The Prophet Elijah
The Prophet Elijah lived during the reign of the impious Israelite King Ahab, who worshipped the idol Baal and also forced the people to do so. Elijah came to Ahab and in the name of God announced to him, ‘‘Because of your godlessness, there will be neither dew nor rain during these years except by the word of my mouth."
So it came to pass. A terrible drought began. Even the grass died and there was a famine. Elijah, by God’s will, settled in the desert by a stream where ravens brought him bread and meat, and he drank the water from the stream. When the stream dried up, God ordered the Prophet to go to the pagan town of Zarephath in Sidon to a poor widow and live with her. This widow, who lived with her son, had only one handful of flour and a little oil. Going to Zarephath, Elijah told her to bake bread for him and promised that the flour and oil would not diminish as long as the Lord did not send rain to the earth. The woman trusted the Prophet of God and did as he told her, her flour and oil did not diminish. Soon this widow’s son fell ill and died. The Prophet Elijah for three days prayed to God for him and the boy came back to life.
The drought lasted for three and a half years. Elijah, at God’s command, again came to Ahab and suggested to him that he gather the Israelite people on Mt. Carmel. When Ahab had assembled the people, Elijah said, "You are satisfied with being godless. Become acquainted with the true God. Come, let us offer sacrifice. You, to Baal, and I, to the Lord God, but let there be no fire put under it. Whoever sends down fire from Heaven to light the sacrifice, that will be the true God." All agreed.
The priests of Baal were the first to bring sacrifice. They prepared an altar, put a calf on it and for a whole day hopped around and cried out around it, "Baal, Baal, hear us!" But there was no answer. Evening came. Then Elijah prepared an altar, dug a ditch around it, put firewood and the calf on the altar and told them to pour water on the sacrifice, so much so that the ditch was filled. Then Elijah turned to the Lord with prayer, immediately fire from the Lord came down from Heaven, and burned not only the firewood and the sacrifice, but also obliterated the water which filled the ditch and the stones of which the altar was built.

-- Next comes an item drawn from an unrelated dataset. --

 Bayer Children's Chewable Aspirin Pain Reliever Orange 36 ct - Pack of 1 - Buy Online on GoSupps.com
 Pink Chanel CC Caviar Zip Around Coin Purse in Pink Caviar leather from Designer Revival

All the people fell on the ground in fear and cried out, "The Lord is the true God; the Lord is the true God!"
After this Elijah went up to the summit of the mountain and began to pray for rain. A wind blew from the mountain, revealing in the skies great clouds, and heavy rain began to fall.
Despite the miracles, Queen Jezebel, wife of Ahab, continued to persecute Elijah for putting all the priests of Baal to death. Elijah hid in the desert since they sought to kill him. It seemed to him that he was the only believer in God and he lost heart. But the Lord reassured him, and appeared to him when Elijah spent the night in a cave on Mt. Horeb.
The voice of God said to him, "Elijah! Come and stand on the mountain in the sight of God." There blew a strong wind, which tore up the mountains and shattered the rocks, but the Lord was not in this wind. Then, there was an earthquake, but the Lord was also not in the earthquake. Then fire appeared, but the Lord was not in the fire. After all this there was the blowing of a calm wind, and in this was the Lord.
The Lord consoled Elijah and said that among the Israelites there were still 7,000 men who did not worship idols, and that after him He would raise up among them the Prophet Elisha, whom He commanded Elijah to anoint.
This appearance of the Lord showed Elijah that the Lord not only is punishing and stern Judge, but a merciful Father. It also prefigured the coming to earth of Jesus Christ, Who would come not to judge and punish, but to forgive and save people.
Elijah, in accordance with God’s direction, anointed Elisha as a prophet, who then became his disciple. Once when they were together, Elijah said to Elisha, "Ask what I shall do for thee before I am taken away from thee,"
Elisha replied, "I pray thee, let a double portion of thy spirit be upon me."
Elijah said, ‘Thou hast asked a hard thing; nevertheless, if thou see me when I am taken from thee, then shall it be so unto thee; but if not, it shall not be so." They went on further. Suddenly there appeared a chariot of fire with horses of fire, and Elijah was taken up into Heaven in a whirlwind.
Elisha, seeing this, cried, "My father, my father, the chariot of Israel, and the horsemen thereof!"
These words of the Prophet Elisha meant that the holy Prophet Elijah, by his prayers, protected the kingdom of Israel from its enemies better than all the Israelite forces, the chariots and horses. At this time the mantle, that is, the outer garment of Elijah, fell at Elisha’s feet. Elisha lifted this up and with it received the double gift of prophecy.
Note: See I Kings, chaps. 16-19; II Kings, chaps. 1, 2:1-15.